Nigeria’s gas flaring has surged to its highest level in four years, raising concerns about the country’s commitment to climate goals and exacerbating the energy challenges faced by domestic industries reliant on natural gas.

According to data obtained from the Nigerian Oil Spill Monitor and corroborated by the National Oil Spill Detection and Response Agency (NOSDRA), oil and gas companies operating in Nigeria flared an estimated 301.1 million standard cubic feet (scf) of gas in 2024.

An analysis of gas flaring data from NOSDRA revealed that Nigeria lost an estimated $1.1 billion in potential revenue due to flared gas. Of this, only $602.2 million is recoverable as penalties, representing just 54 percent of the total value that could have been earned.

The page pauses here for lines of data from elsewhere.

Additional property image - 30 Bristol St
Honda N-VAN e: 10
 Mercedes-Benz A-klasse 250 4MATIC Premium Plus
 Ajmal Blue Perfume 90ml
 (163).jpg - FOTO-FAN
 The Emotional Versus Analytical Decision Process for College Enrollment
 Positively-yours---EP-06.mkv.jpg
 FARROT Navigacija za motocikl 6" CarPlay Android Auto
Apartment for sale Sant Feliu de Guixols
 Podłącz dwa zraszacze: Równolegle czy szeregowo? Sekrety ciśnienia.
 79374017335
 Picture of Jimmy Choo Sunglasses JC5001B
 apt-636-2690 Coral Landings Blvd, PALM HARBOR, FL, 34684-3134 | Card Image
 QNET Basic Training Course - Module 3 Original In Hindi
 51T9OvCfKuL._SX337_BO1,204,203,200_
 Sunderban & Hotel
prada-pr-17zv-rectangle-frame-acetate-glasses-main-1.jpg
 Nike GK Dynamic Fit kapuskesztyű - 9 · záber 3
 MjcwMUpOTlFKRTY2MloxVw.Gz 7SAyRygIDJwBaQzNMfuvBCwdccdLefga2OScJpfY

Read also: Nigeria not ready for CNG vehicles, gas should power industries, says expert

Further analysis showed that between January and May 2025, the country flared 154.1 million scf of gas, marking the highest volume of flared gas recorded in the first five-month period since 2020.

This surge in flaring comes despite the federal government’s commitment to end routine gas flaring by 2030 under the Nigerian Gas Flare Commercialisation Programme (NGFCP).

Gas flaring, the burning of natural gas associated with oil extraction, contributes significantly to greenhouse gas emissions. Nigeria, Africa’s top oil producer, has pledged to end routine gas flaring by 2030 under the World Bank’s Zero Routine Flaring Initiative, yet progress has been sluggish.

Reason for rising gas flaring

Industry analysts attribute the increase to a combination of aging infrastructure, poor enforcement of environmental regulations, and delays in implementing gas commercialisation policies.

“The NGFCP of 2016 and the Gas Flaring, Venting, and Methane Emissions Regulation of 2023 are significant initiatives aimed at ensuring local gas availability in various forms to improve the standard of living in Nigeria and boost the country’s GDP,” said Oyinkepreye Orodu, a subface and energy researcher.

“However, are we truly prepared for significant gas uptake and usage, especially considering the ‘Decade of Gas’ initiative from 2020 to 2030, with 40 percent of this period already elapsed and little tangible progress in flare reduction?” he queried.

According to him, it is imperative that the government takes extraordinary measures to ensure the success of this initiative. “Indeed, these policies and regulations have prompted the exploration and production industry to initiate gas collection efforts.

Energy-starved manufacturers

The rise in flaring comes at a time when local manufacturers are grappling with soaring energy costs, gas shortages, and erratic power supply – factors that have forced many to scale down operations or shut down entirely.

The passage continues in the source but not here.